War ich früher dran, dann begegneten mir zwei ältere Schwestern auf der Straße. Das ‘Grüß Gott’ am Morgen (oder ein Zunicken aus dem Auto) wurde für mich bald einmal zum angenehmen Ritual, einen Tag gut zu beginnen. Manchmal war eine eifrig im Garten tätig. Ihre Aufmerksamkeit galt den Blumen und der Haue, mit der sie den Boden bearbeitete - das zählte: Den Boden aufbereiten, dort wo es notwendig wurde, damit Neues enstehen konnte - ganz nach ihrem Leitspruch: „Caritas Christi urget nos“ - Christi Liebe drängt uns (2 Kor 5,14).

Das Marienheim in Bregenz (unübersehbar wenn man von der Römerstraße gegenüber dem Landhaus in die Weiherstraße abbiegt)  hat eine wechselvolle Geschichte. Die Oberin des Hauses, Sr. Emma Maria Luger, wüßte ‘seitenweise’ zu erzählen. Mir war eine 80-jährige Dame angekündigt worden. Als mir dann eine großgewachsene Frau gegenüberstand mit wachem Gesicht, in dem Tatkraft und Fröhlichkeit zu lesen waren, korrigierte ich sehr schnell meine Vorstellung.  Sr. Emma Maria, eine Bregenzerin, schaltet und waltet seit 30 Jahren im Marienheim.
10 Jahre länger ist Sr. Anna Pia Böhler aus Doren im Haus. Eine bescheiden, freundlich wirkende „Großmutter“, die sie für viele Heimbewohnerinnen irgendwie auch war. „I han nüt gleanad“ sagt sie spontan und ihre „Chefin“ korrigiert umgehend: „Aber sie kann alles.“ Vor allem ihre Kochkünste wurden bald entdeckt. Sr. Anna Pia erinnert sich an Zeiten nach dem Krieg, wo man oft nicht wusste, wie man die bis zu 70 Mädchen und Frauen satt kriegen sollte.

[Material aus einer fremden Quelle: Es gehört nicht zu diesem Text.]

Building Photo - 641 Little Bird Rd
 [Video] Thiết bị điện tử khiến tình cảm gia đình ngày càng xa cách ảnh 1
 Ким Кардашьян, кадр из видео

Eine kleine Bregenzer Sozialgeschichte ist mit dem Marienheim verknüpft. Am 1. Dezember 1905 konnten die ersten vier Mädchen einziehen. Die ledige aber vermögende Bregenzerin Agathe Fessler hatte die sozialen Nöte der Zeit erkannt und in der Gallusstraße das „Marienheim für entlassene Dienstmädchen“ gegründet. Diese Tat war ungewöhnlich, wie Agathe Fessler eine ungewöhnliche Frau war. Ihre christliche Einstellung stand fest.  Als sie die Tochter ihres durch den Tod seiner Frau in Not geratenen politischen Widersachers Samuel Spindler im „Marienheim“ aufnahm, lieferte sie den Tatbeweis.
Das Haus in der Gallusstraße wurde bald zu klein und so wurde am Platz des ehemaligen Gerberhauses (in der heutigen Gerberstrasse) ein neues Gebäude errichtet. 1910 fand die Einweihung statt. Anna Fessler war wichtig, dass das Marienheim von „Profis“ geführt wurde, weshalb sie es an die „Barmherzigen Schwestern des heiligen Vinzenz von Paul“ in Zams verkaufte.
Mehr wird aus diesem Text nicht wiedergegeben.